Let's see why it means exactly 0 (zero) security if we hide our wireless' network SSID, hoping that no one can find it. People usually think that if they don't broadcast their SSID, then others can't connect to their network.
The AP still broadcasts Bacon frames, but without the SSID, so we see that something is there, but we don't know what. Here is how does it look in Wireshark and airodump-ng:
We can place our wifi card to monitor mode this way:
root@bt:~# airmon-ng start wlan0
This creates a mon0 interface which will belong to the wlan0 NIC, and we can't use wlan0 during this time.
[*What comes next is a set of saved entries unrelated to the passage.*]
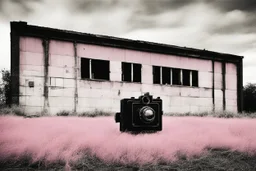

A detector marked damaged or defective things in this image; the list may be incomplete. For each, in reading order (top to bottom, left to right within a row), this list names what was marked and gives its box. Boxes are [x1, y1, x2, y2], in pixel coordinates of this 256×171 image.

broken window [80, 57, 109, 80]
broken window [122, 62, 142, 83]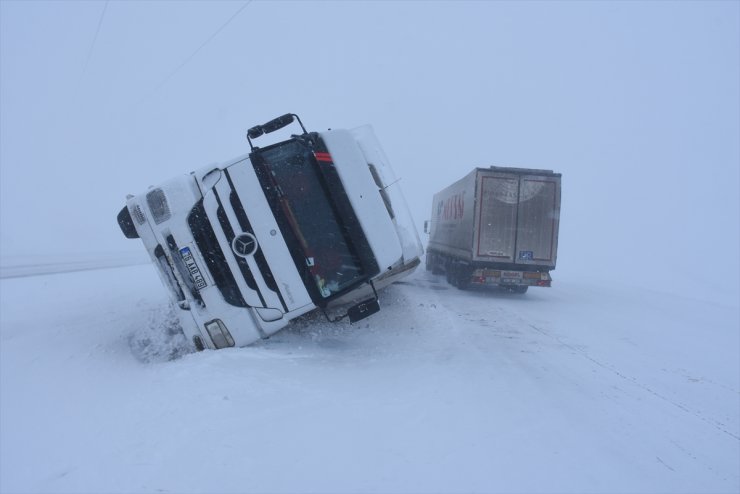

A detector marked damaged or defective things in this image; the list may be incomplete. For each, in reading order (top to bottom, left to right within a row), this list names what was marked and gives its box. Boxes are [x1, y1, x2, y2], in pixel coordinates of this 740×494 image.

overturned white truck [120, 114, 422, 350]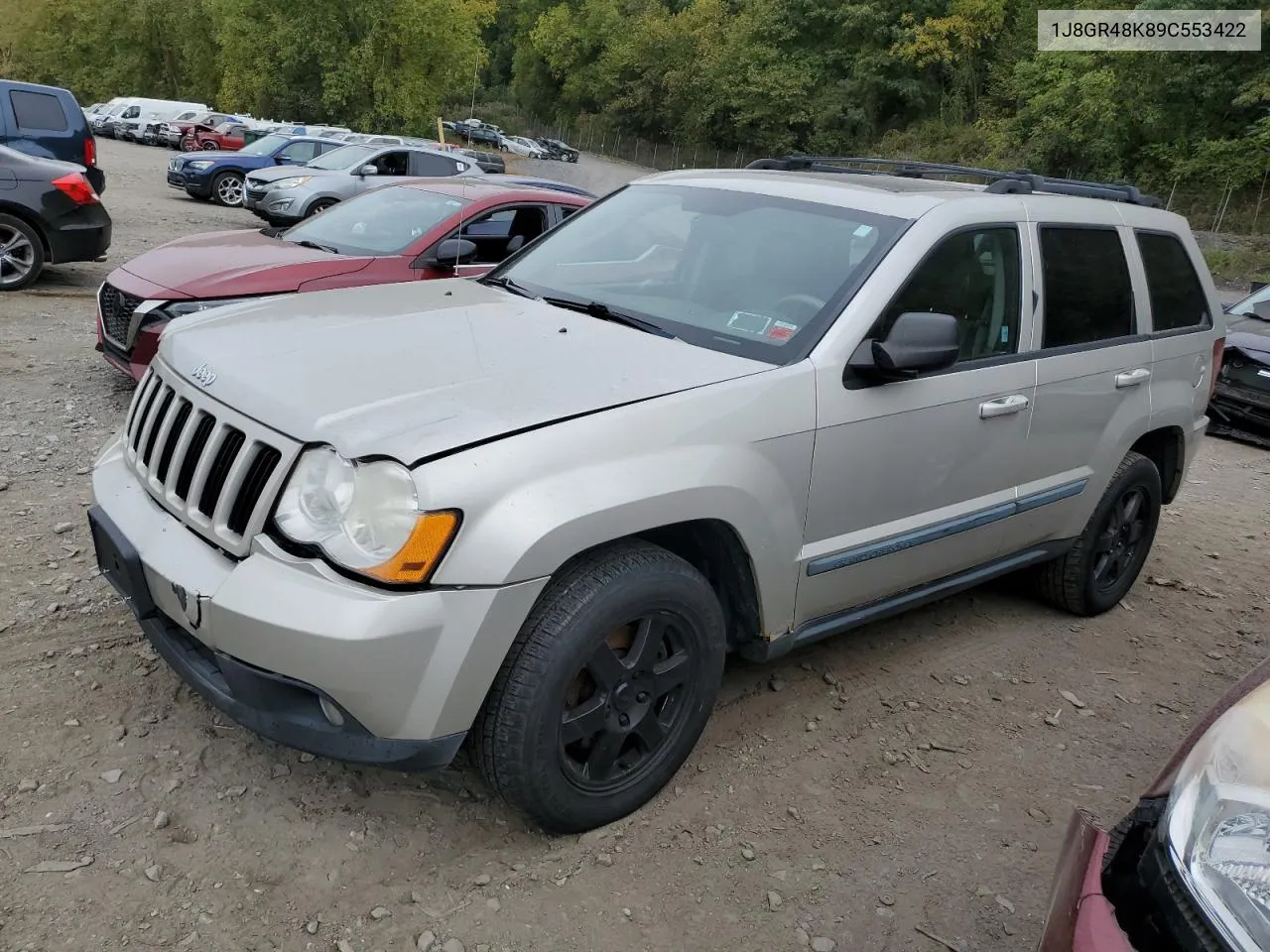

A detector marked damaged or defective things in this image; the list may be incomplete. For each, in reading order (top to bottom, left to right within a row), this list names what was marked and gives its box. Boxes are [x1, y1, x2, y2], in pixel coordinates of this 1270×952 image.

We can start monitoring with airodump-ng:
We have two options:
1. We wait passively for a client to connect to the wireless network, cause then there will be a Probe request/response message exchange, where we will see the SSID in the response (this is the standard).
2. If we are inpatients, we can disconnect the clients with sending "deauth" packets with the AP's MAC address, thus causing them to reconnect, and we can reveal the SSID. Here it is:
root@bt:~# aireplay-ng -0 2 -a 06:24:B2:D8:3B:17 mon0
where:
-0 - deauth packet
2 - number of packets
-a - AP MAC address
and the interface.
The result: we get the SSID.
So it doesn't worth doing ourselves additional work with hiding the SSID.